Didier Lesueur : Nos travaux sur le terrain nous ont conduits à acquérir une conviction : la question sociale n’est pas seulement une question économique mais une question relationnelle, avec l’affaiblissement des liens sociaux avec l’aléa des repères partagés. Prenons l’exemple de l’enfance en danger : notre travail a mis en exergue que la majorité des enfants n’étaient pas menacés par des mal- traitances proprement dites, mais étaient victimes de parents n’ayant pas les clefs pour les éduquer correctement. Pour le dire rapidement, ces enfants étaient moins victimes de l’absence de biens que de l’absence de liens leur permettant de trouver auprès d’autrui des solutions à leurs problèmes en matière d’éducation, de travail, de dépendance, d’isolement… à l’origine des ces évolutions, on peut noter que durant ces 40 dernières années, l’épanouissement individuel a été encouragé aux dépens de ce qui relève de la vie en communauté. On a laissé s’effriter les mécanismes de construction collective. Il est donc indispensable de favoriser une citoyenneté active pour consolider le vivre-ensemble. Car la citoyenneté ne se résume évidemment pas à travailler, payer ses impôts et voter. C’est l’implication de chacun dans la société car nous sommes tous coresponsables de notre vie en société.

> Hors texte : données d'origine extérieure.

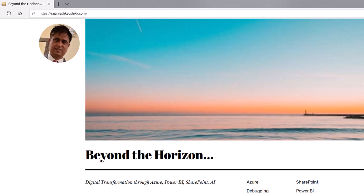Hello friends, welcome to my channel — explore the world of Microsoft Azure. My name is Rajneesh Kaushik and I am a Microsoft Certified Trainer, Consultant, and Enterprise Architect. For more latest videos and blogs, you can always visit my website rajneeshkaushik.com and subscribe to my blog.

Le Jas : Quels leviers préconisez- vous ?
D.L : Nos travaux montrent que les acteurs les mieux placés pour soutenir le développement de la citoyenneté sont les élus locaux et particulièrement les maires et leurs équipes. Il faut donc d’abord reconsidérer notre approche de la décentralisation. Elle ne peut plus être un mécano institutionnel visant à rééquilibrer les pouvoirs entre État et collectivités locales. Elle doit viser une finalité : la consolidation de la cohésion de la société. Il faut par ailleurs soutenir et promouvoir les initiatives qui vont dans ce sens. C’est ce que fait l’Odas avec la Journée Citoyenne que les lecteurs du Jas connaissent bien. Elle est emblématique, car c’est elle s’adresse à tous les habitants, quels qu’ils soient, redonne une place à chacun en les conviant à s’engager pour la collectivité. La finalité n’est pas l’activité elle-même
(chantiers, valorisation du patrimoine, transmission de savoirs, projets culturels…), c’est ce qu’elle permet : tisser des liens et faire société en somme. J’évoquerai aussi la logique de développement social, autrement dit une conception de l’action publique qui repose sur l’intégration de la question des liens et des repères dans l’ensemble des politiques engagées en plaçant les habitants en tant qu’acteurs. Il faut non seulement passer d’une logique de “faire pour” à une logique de “faire avec” les habitants. Mais pour que ça fonctionne, cela passe par l’instauration de nouveaux types de rapports entre les élus et leurs administrés. C’est dans les territoires où les élus font confiance que se développent le plus grand nombre d’initiatives citoyennes, et par ricochet, que croît la confiance des habitants envers leurs élus. C’est un cercle vertueux.